» TASK TO COMPLETE
Restate exactly the lines below, from the one containing "HŠK Zrinjski: Kadeti svladali Krupu 1:0" through the final line, and leave out the pictures.

» INPUT DATA
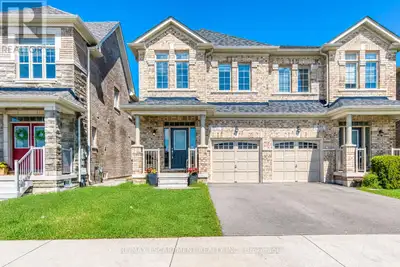 Welcome to this beautifully maintained newer-built semi-detached home in the heart of Waterdown, off...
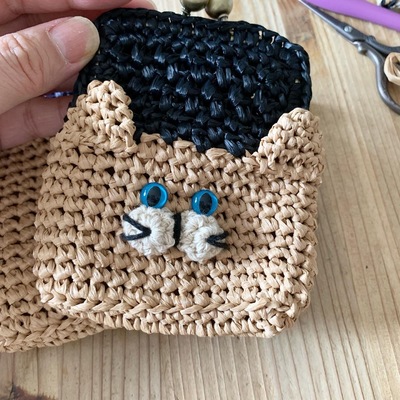 オーダーメイド ハンドメイド おもろかっ スカートを履いたカバの 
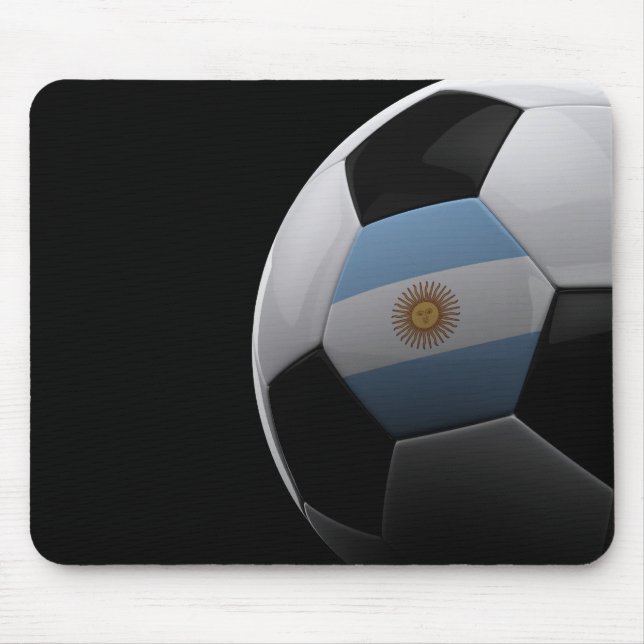 Soccer in Argentina Mouse Pad (Front)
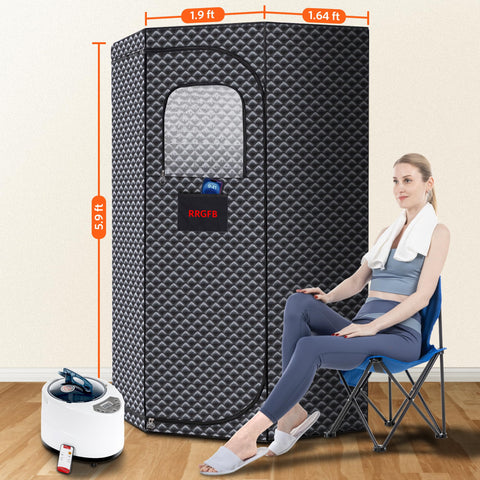 RRGFB Sauna Box remote controller for easy session timing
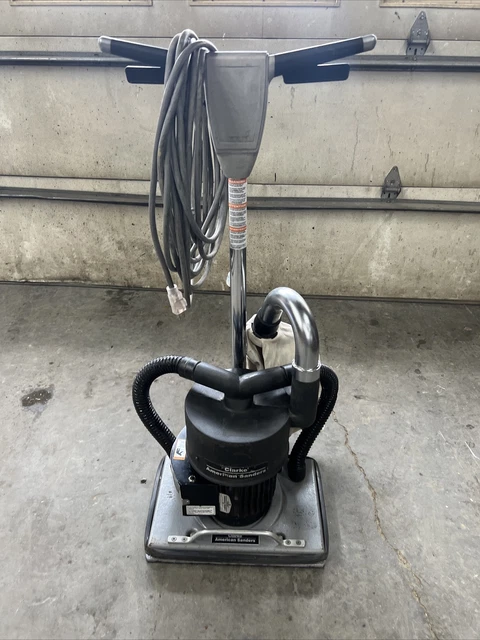 AMERICAN SANDERS / CLARKE OBS-18DC Orbital Square Sander, Buff, Floor, Polish AMERICAN SANDERS / CLARKE OBS-18DC Orbital Square Sander, Buff, Floor, Polish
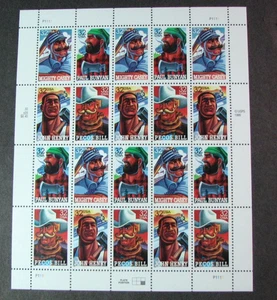 US Stamp Sheet Scott# 3086a Folk Heroes 1996 MNH H368 - Picture 1 of 1
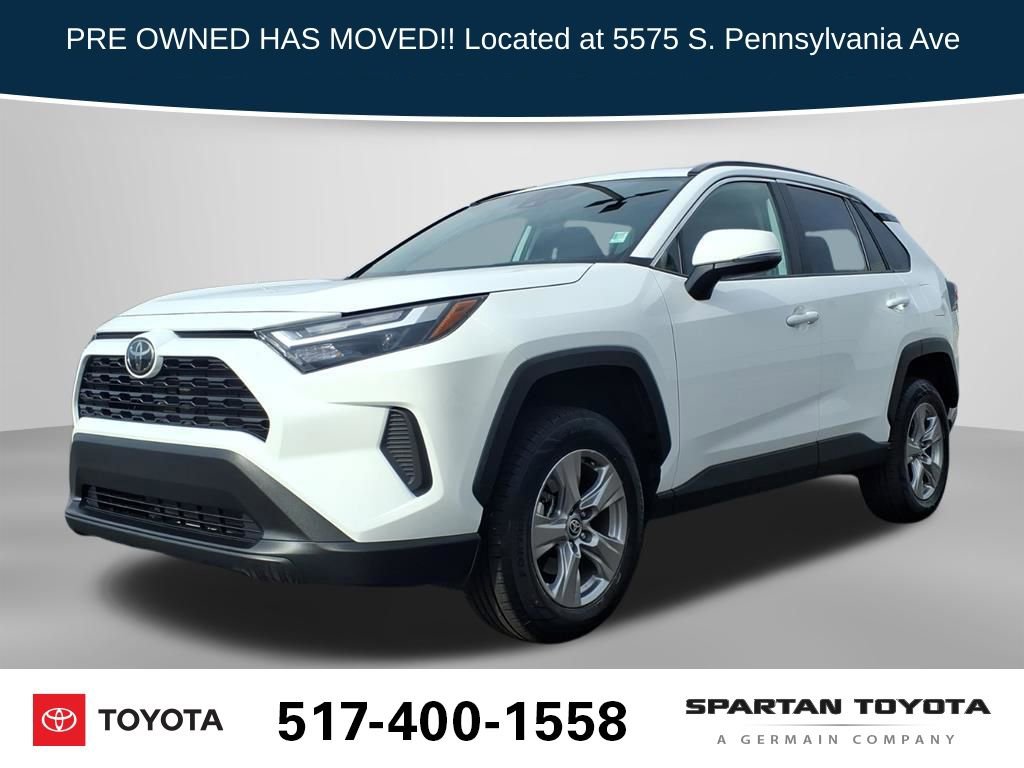 Used 2025 Toyota RAV4 XLE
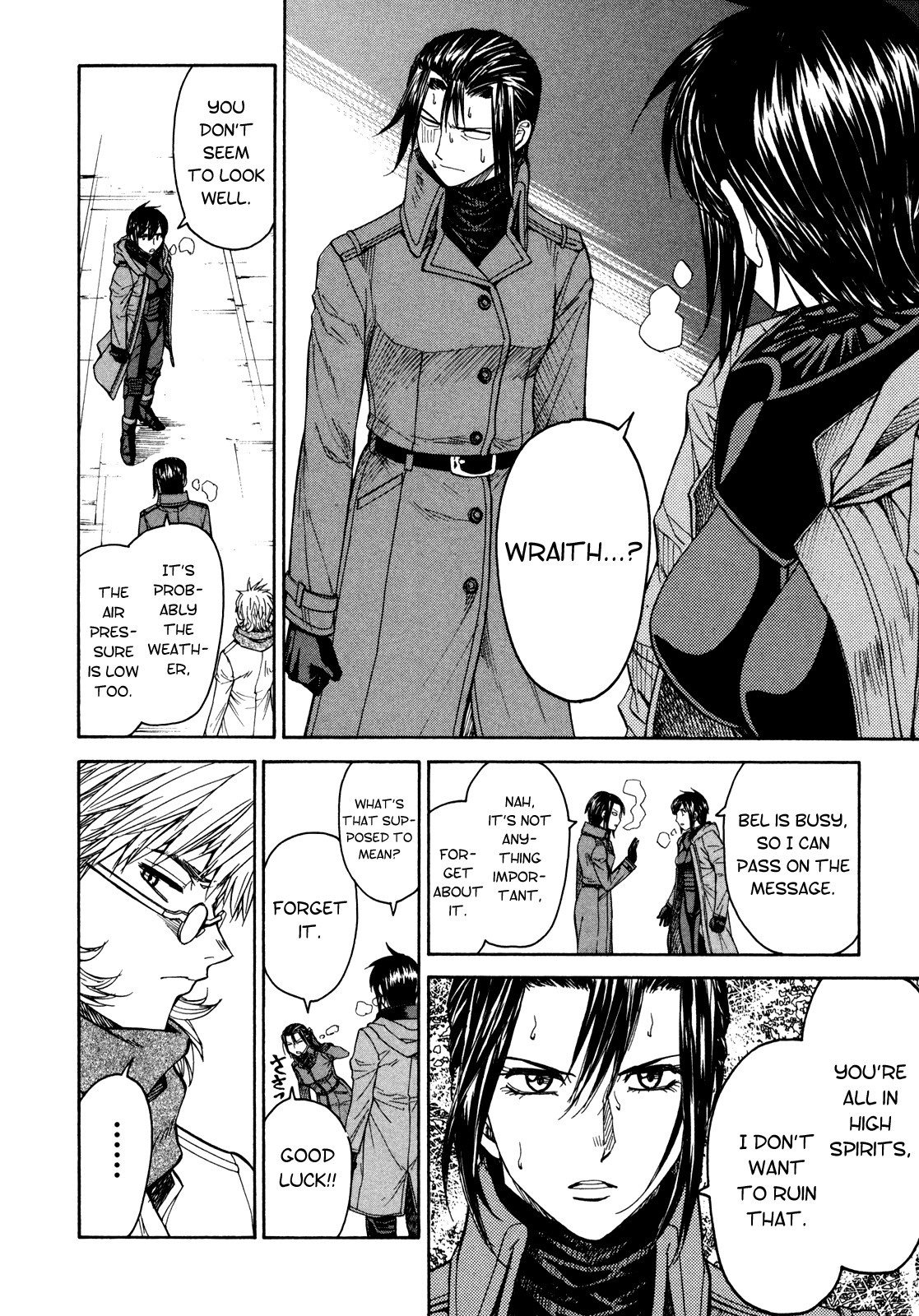 Full Metal Panic! Sigma Chapter 77 page 12 - Chapter 77: All for One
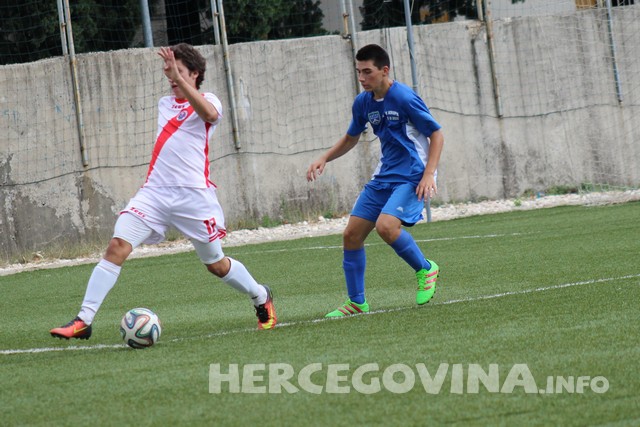 HŠK Zrinjski: Kadeti svladali Krupu 1:0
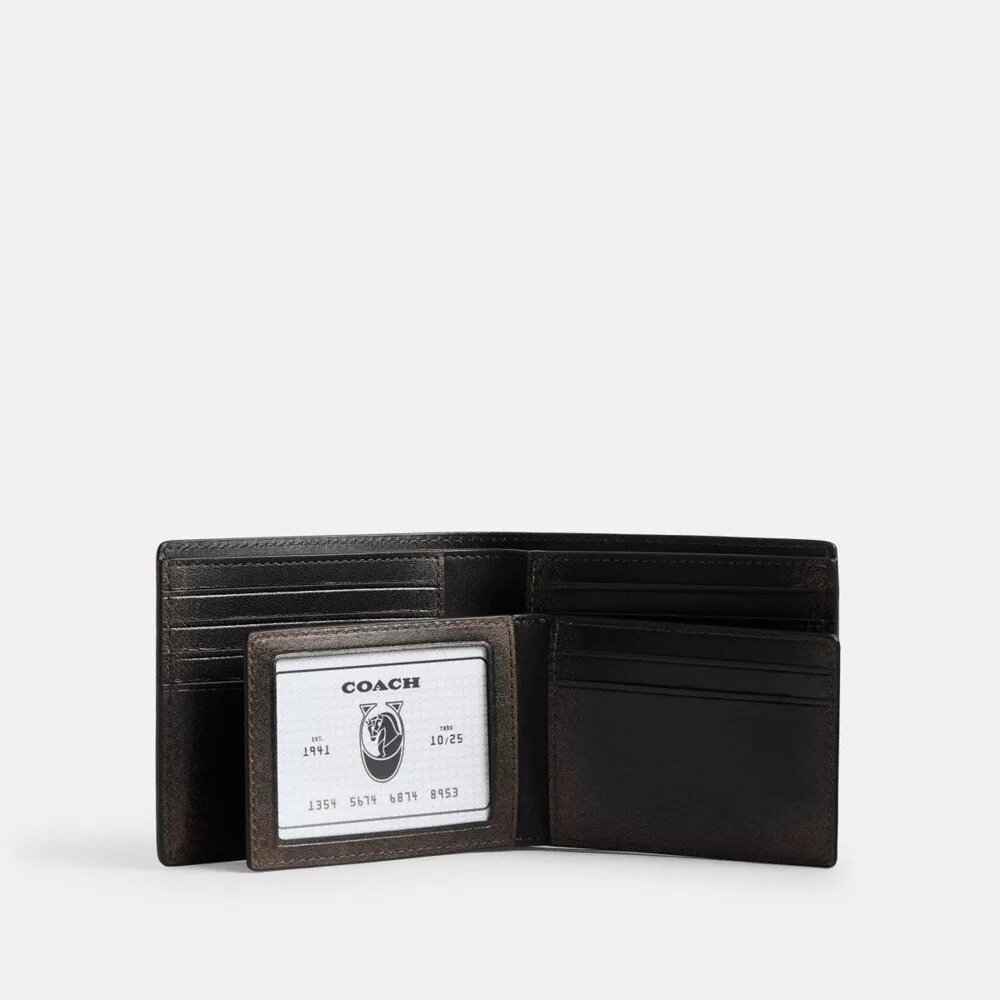3-i-1-lommebok i «Loved Leather»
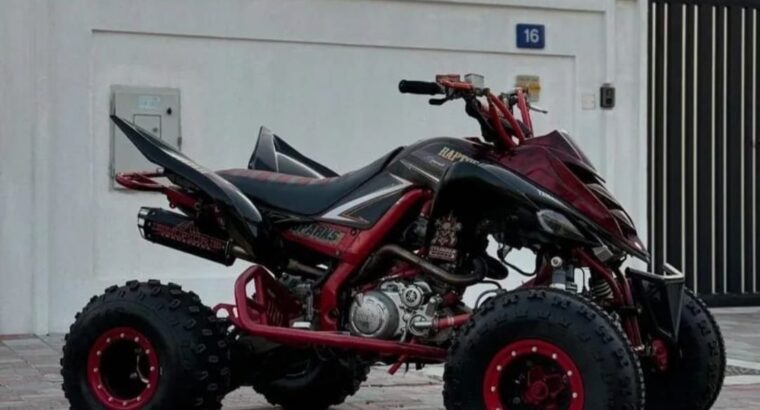 Yamaha Raptor 700 2009 Special Edition For Sale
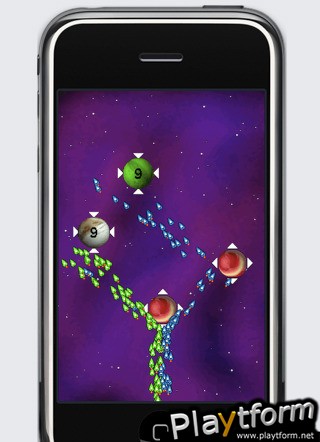a Crazy Space Traffic ! (iPhone/iPod)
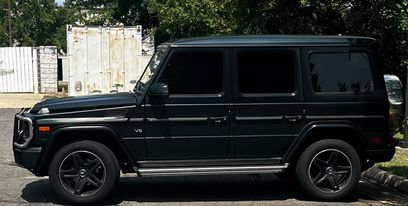 Used 2016 Mercedes-Benz G 550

» FINAL ANSWER
 HŠK Zrinjski: Kadeti svladali Krupu 1:0
3-i-1-lommebok i «Loved Leather»
 Yamaha Raptor 700 2009 Special Edition For Sale
a Crazy Space Traffic ! (iPhone/iPod)
 Used 2016 Mercedes-Benz G 550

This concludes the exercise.